Луч пыльного квартирного солнца ударил по глазам. Значит, уже час дня. Или, в крайнем случае, пять минут второго. Именно в это время январское светило находит пробоину в жалюзи окна их спальни, выходящей на безлюдную улицу Ли.
Надо бы передвинуть кровать, подумал он. Скажем, к стенке, где сейчас стол. Стол уйдет туда, где стоит телевизор. А телевизор сюда, где кровать. Получится не очень красиво, зато будет удобно. Еве бы это не понравилось. Она бы сказала: «Некрасивое не может быть удобным». И оставила бы все как есть. Она любила и берегла постоянство. Во всем. В том числе и в обстановке. Ей казалось, что если начать хоть что-то менять, то все нарушится, расклеится и рассыпется, и потом уже будет не собрать. Поэтому, когда Ленька пришел к ним и заявил, что собрался уезжать, он был уверен, что Ева категорически воспротивится. Но она на удивление быстро согласилась. Только сказала:
– Мы с папой поедем с вами. Вам нужна будет помощь...

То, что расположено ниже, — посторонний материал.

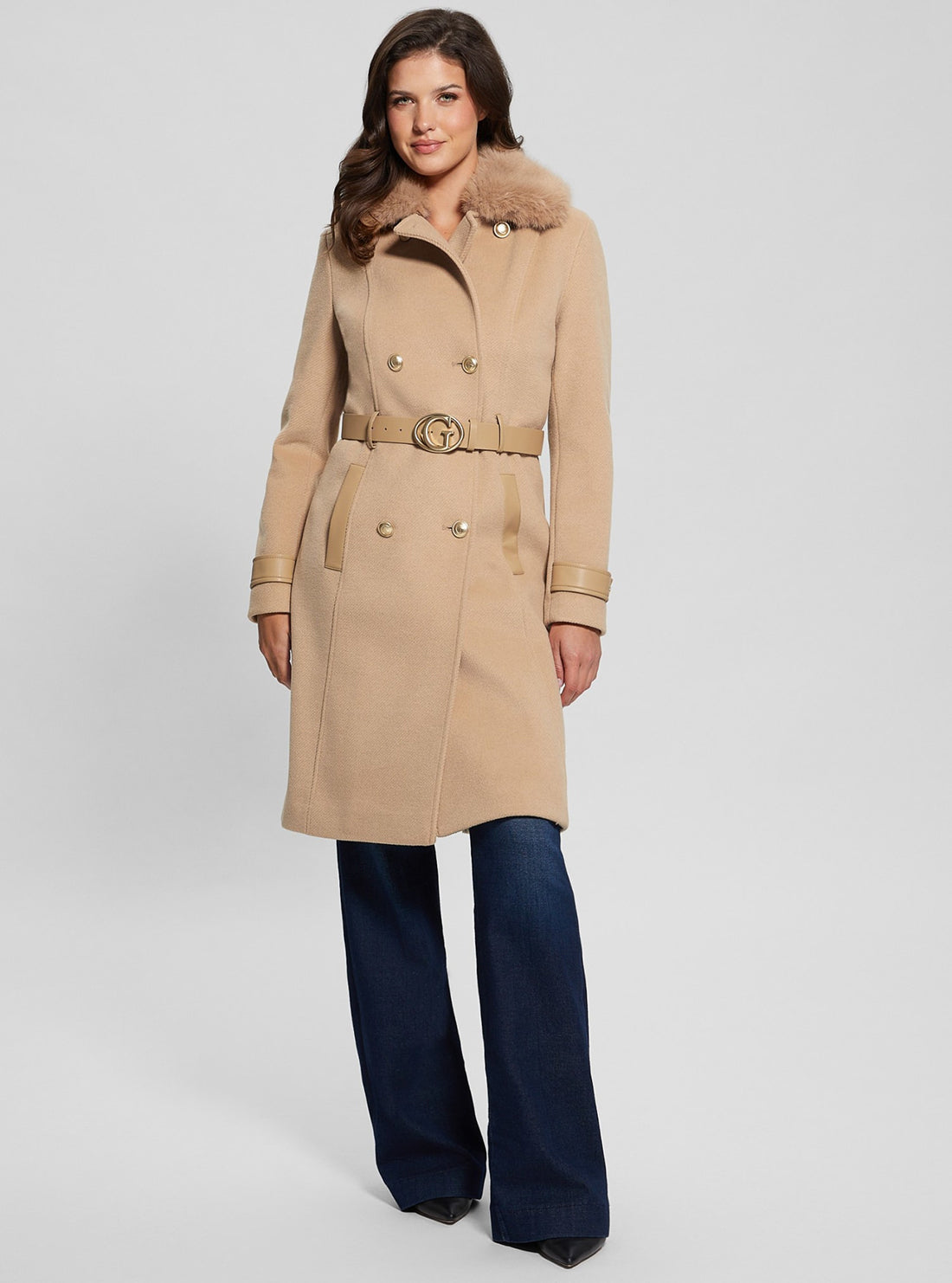 Beige Amelia Belted Coat for Women | Elegant Trench Coat with Waist Belt | Perfect for Office, Date Night & Fall Fashion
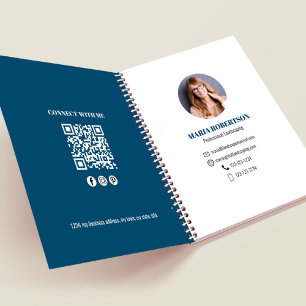 Berufliches Foto QR-Code Blau Notizbuch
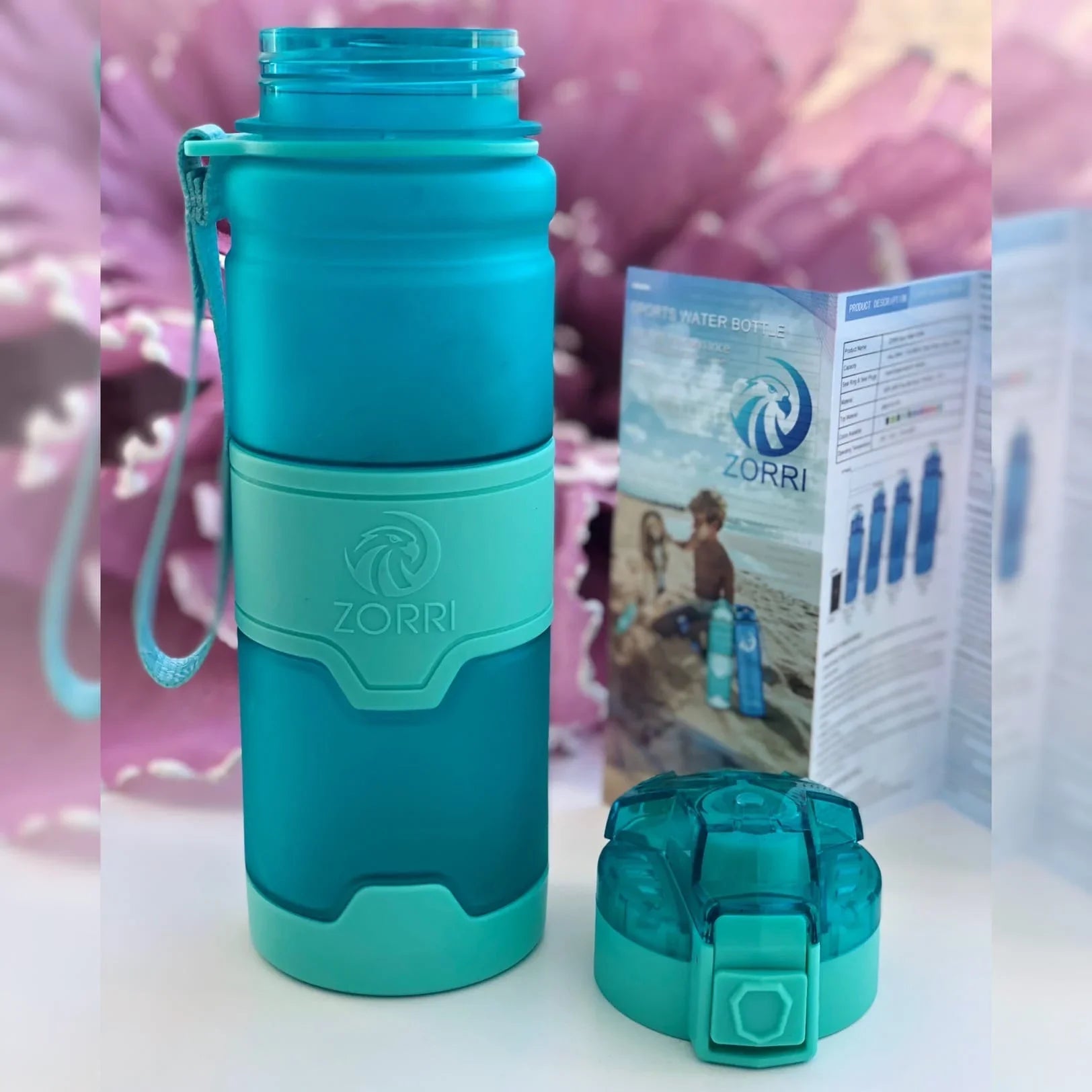 Gourde Shaker Protéines ZORRI – Sans BPA, Écologique, pour Fitness, Musculation, Randonnée et Sport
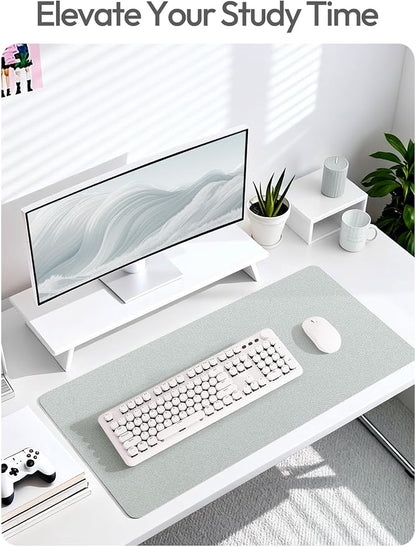 YSAGi Leather Desk Pad Protector, Office Desk Mat, Large Mouse Pad, Non-Slip PU Leather Desk Blotter, Laptop Desk Pad, Waterproof Desk Writing Pad for Office and Home (Silver, 35.4" x 17")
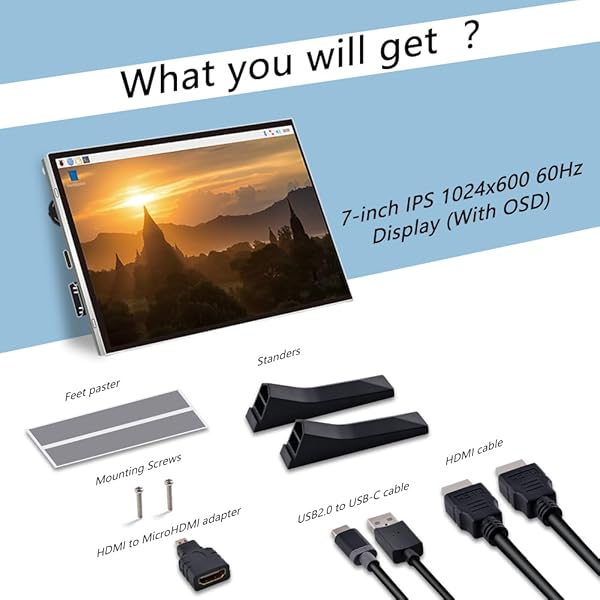 GeeekPi GeeekPi 7 Inch IPS LCD Display for Raspberry Pi 5 4B 3B Plus Portable HDMI Monitor 1024x600 Free Driver Compatible with Windows - View 11 of 11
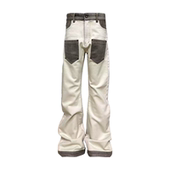 SICKING25AW 骨矛 毛感拼接弯刀廓形窄版 14盎司骨白色牛仔裤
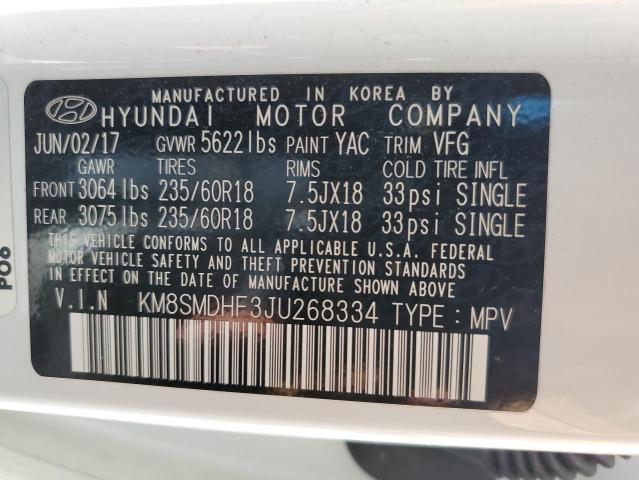 2018 HYUNDAI SANTA FE S KM8SMDHF3JU268334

А потом они собирали контейнер для отправки в Америку. И Ева хотела запихнуть в этот контейнер абсолютно все: от чугунной сковородки, на которой жарила еще ее бабушка, до Корнея Чуковского, потрепанного и замасленного, которого еще Леньке читали, когда он был маленьким.
А он не спорил, просто незаметно вытаскивал из контейнера эти глупости, казавшиеся ему просто лишним весом. Потом, года через полтора, когда контейнер какими-то неисповедимыми путями наконец добрался до них, Ева долго рылась в старых вещах, вздыхала, перелистывая страницы старых альбомов, несколько раз даже всхлипывала, а ночью сказала ему:
– Они украли сковородку, мамино янтарное ожерелье, твой походный топорик, Ленькины рисунки и Чуковского. Не понимаю, зачем им понадобились детские рисунки и Чуковский?
...Позвонил Ленька. Сказал: «Привет!», спросил: «Какие планы?» Он ответил: «Выхожу на работу в три. Надо работать». Ленька сказал: «Может, не надо?» А он сказал: «До свидания». И повесил трубку.
Сегодня – ровно неделя, как умерла Ева. И пять дней, как ее похоронили. И четыре дня, как он понял, что остался один. Совершенно. Вот уже девяносто шесть часов он ходит, ест и спит с этим ощущением. Ощущением одиночества. Не почти, а по-настоящему физическим. Оно липкое, противное и властное. Противостоять ему сложно. Но нужно. Потому что ему еще только шестьдесят три. Как сказала вчера Рина, Ленькина жена. «Вам только шестьдесят три», – сказала она, вытирая посуду. Что, интересно, она имела в виду? Что умирать рано? Или что еще и жениться впору? Наверное, и то и другое.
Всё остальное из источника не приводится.